28.          In  Bombay  Salt  &  Chemical  Industries8,  this  Court   with
reference to the public auction of certain  salt  pans  which  were  evacuee
property and formed part of the  compensation  pool  constituted  under  the
1954 Act held in para 10 of the Report as under :
           “10. It is clear from the rules and the conditions of  sale  set
           out above that the declaration that a  person  was  the  highest
           bidder at the auction does not amount to  a  complete  sale  and
           transfer of the property to him. The fact that the bid has to be
           approved by the Settlement Commissioner  shows  that  till  such
           approval which the  Commissioner  is  not  bound  to  give,  the
           auction-purchaser has no right at all. It would  further  appear
           that even the approval of the bid by the Settlement Commissioner
           does not amount to a transfer of property for the purchaser  has
           yet to pay the balance of  the  purchase  money  and  the  rules
           provide that if he fails to do that he shall not have any  claim
           to the property. The correct position is that on the approval of
           the bid by the Settlement Commissioner, a binding  contract  for
           the sale of the property to  the  auction-purchaser  comes  into
           existence. Then the provision as to the sale  certificate  would
           indicate that only upon the  issue  of  it  a  transfer  of  the
           property takes place.
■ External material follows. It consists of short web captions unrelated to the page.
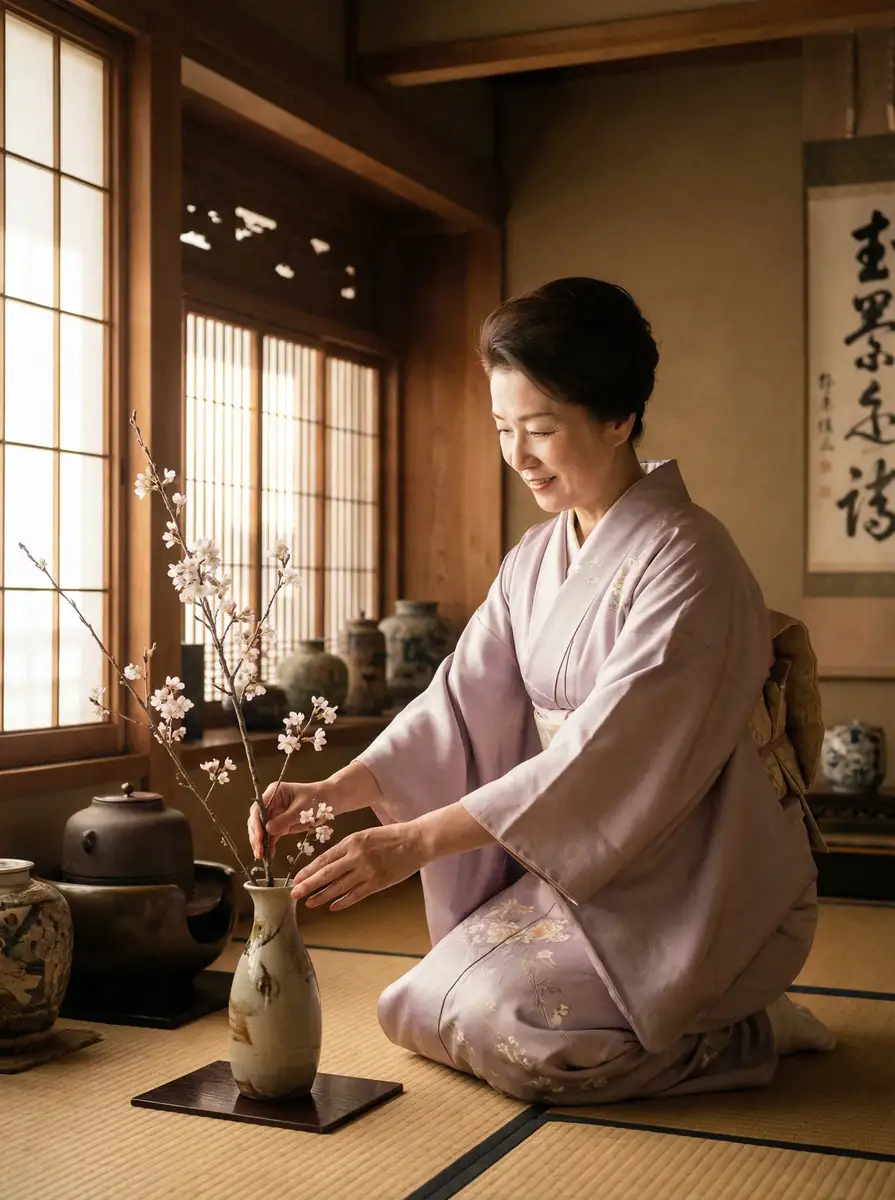 一位优雅的 夏晴子 在和室中插花
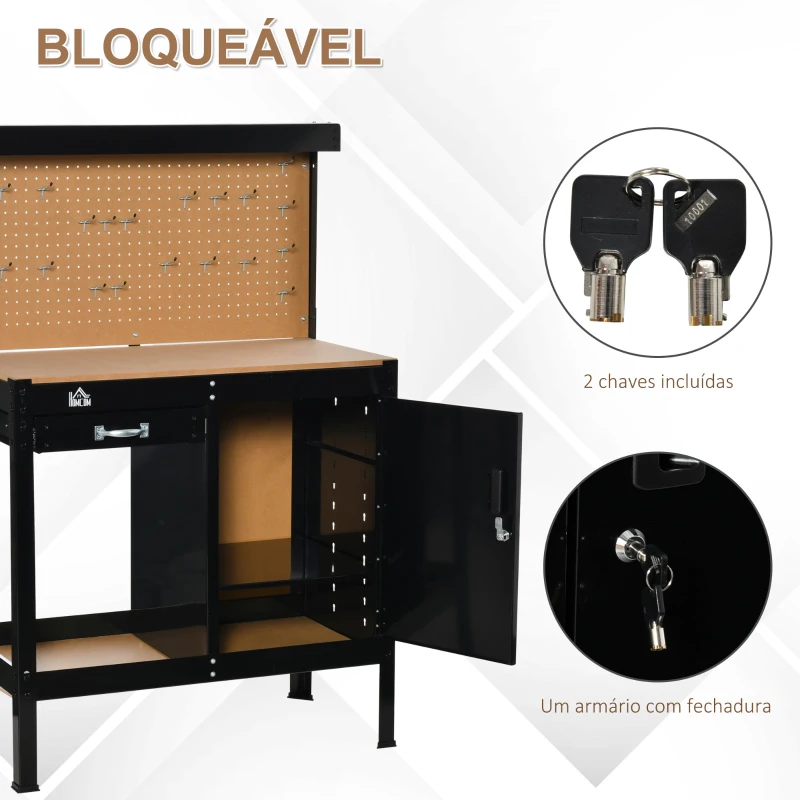 HOMCOM Bancada de Trabalho 98,5x48x140 cm Mesa de Trabalho com Painel Perfurado Gaveta Prateleira e Armário com Fechadura Preto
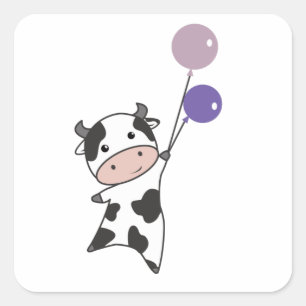 Sticker Carré Vache Veau Mouches Ballons vers le haut de mignons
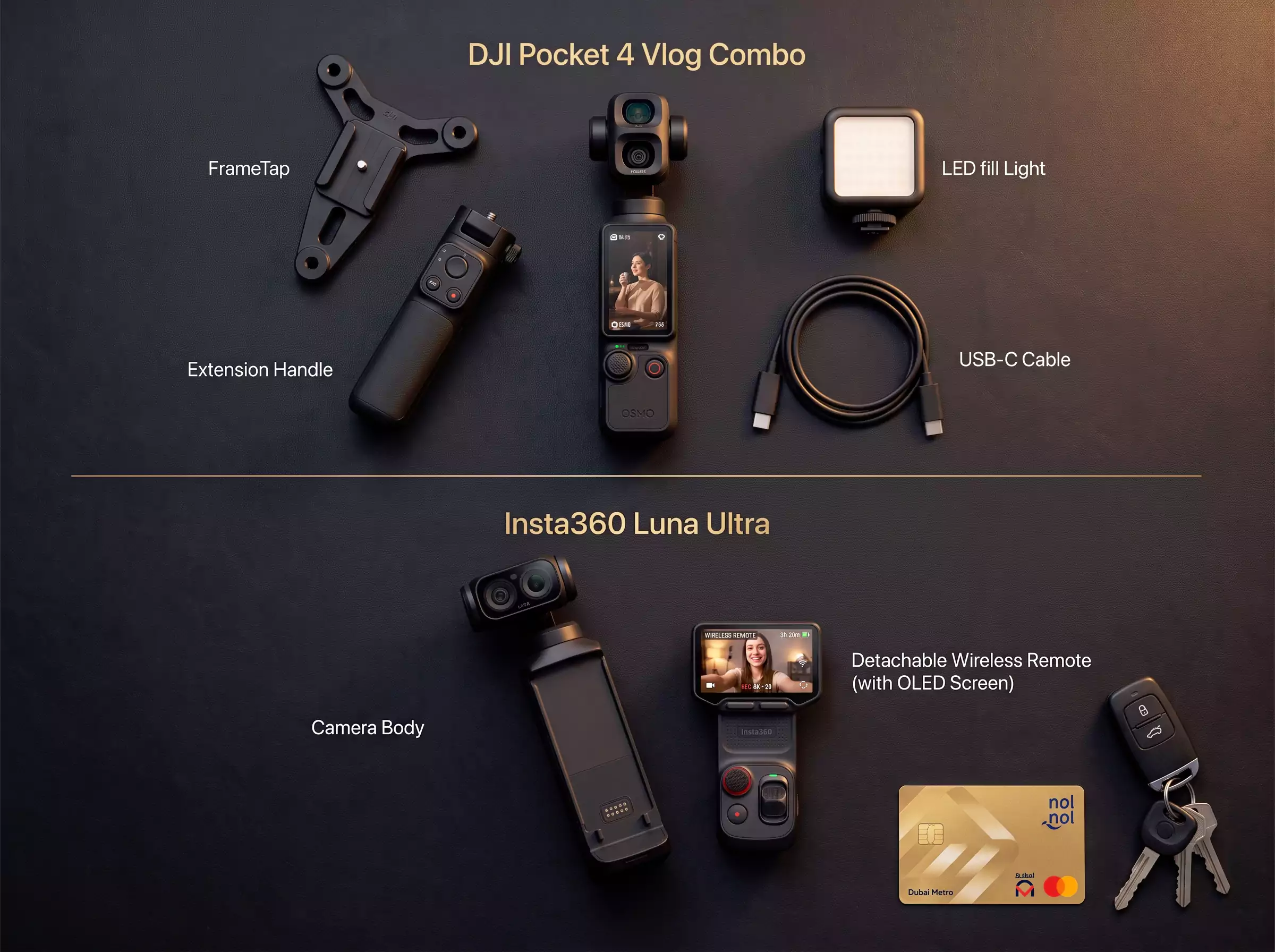 DJI Osmo Pocket 4P Vlog Combo vs Insta360 Luna Ultra Creator Bundle contents UAE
Condition of Sale  No.  7  in  this  case,
           furthermore, expressly stipulated that upon the payment  of  the
           purchase price in full the ownership would be transferred and  a
           sale certificate issued. It is for the appellants to  show  that
           the property had been transferred. They have not stated that the
           sale certificate  was  issued,  nor  that  the  balance  of  the
           purchase money had been paid. In those circumstances, it must be
           held that there has as yet been no transfer of the salt pans  to
           Respondents 4 and 5. The appellants cannot therefore  claim  the
           benefit of Section 29 and ask that they should not  be  evicted.
           Mr. Purshottam Trikamdas contended  that  the  sale  certificate
           will in any event be granted and that once it is granted, as the
           form of this certificate shows, the transfer will relate back to
           the date of the auction. It is enough to say in answer  to  this
           contention that assuming it to be right, a point which is by  no
           means obvious and which we do not decide, till it is granted  no
           transfer with effect from any date whatsoever  takes  place  and
           none has yet been granted.”

29.         In Bishan Paul1, a two-Judge Bench of this Court  observed  that
in Bombay Salt & Chemical Industries8  this Court did  not  directly  decide
the question when title would pass  to an  auction-purchaser.  It  was  held
that title  would  pass  when  the  full  price  was  realized.  This  Court
observed having regard to the time lag between  acceptance  of  the  highest
bid, payment of full price and the issuance of certificate, that title  must
be deemed to have been passed when the sale became  absolute  and  the  sale
certificate must relate back to  that  date,  i.e.,  when  the  sale  became
absolute.
30.         In Roshan Lal Goswami6, a Division  Bench  of  the  Punjab  High
Court, on examination of the provisions of the 1954 Act and Rule 90  of  the
1955 Rules, held that till a sale certificate  was  issued  to  the  highest
bidder and till the balance of the purchase money had been paid,  rights  of
ownership would not  vest  in  the  auction-purchaser  and  the  proprietary
rights, therefore, would not stand transferred by the  mere  fact  that  the
highest  bid of the auction-purchaser has been accepted. The Division  Bench
of the  Punjab  High  Court  noticed  the  lacuna  in  the  1954  Act  about
transitional stage after the acceptance of the highest bid  at  the  auction
and till the sale certificate was granted. Pertinently, with regard  to  the
provisional possession given to the auction-purchaser on acceptance  of  the
highest bid, the Division Bench of the Punjab High Court observed as  under:

           “8. After provisional possession has been  given,  the  auction-
           purchaser, even though he does not possess  proprietary  rights,
           has possessory rights. He has the right of possession which  can
           exist independently of ownership. Possession and  ownership  may
           co-exist but in a number of cases a person may be the owner of a
           thing and not possess it; and conversely, a person  may  be  the
           possessor without being the owner. A person, who is a  possessor
           but not the legal owner, is entitled to certain rights by virtue
           of his possession alone. . . . . . . . .   .”
31.         In Jaimal Singh7, the Punjab  High Court,  after  noticing  Rule
90 of the 1955 Rules, in para 16 of the Report, inter alia, held as under:
            “………..In my view, title passes  when  the  sale  is  confirmed,
           because it is  that  date  on  which  the  auction-purchaser  is
           recognised officially as the owner and  is  entitled  to  obtain
           possession of the property.  The issue of the  sale  certificate
           is invariably delayed because certain routine  formalities  have
           to be complied with and it is in very rare cases that an  office
           can be so prompt as to issue the sale certificate  on  the  very
           day the sale is  confirmed.  But  when  a  sale  certificate  is
           issued, it dates back to the date when the sale was confirmed.”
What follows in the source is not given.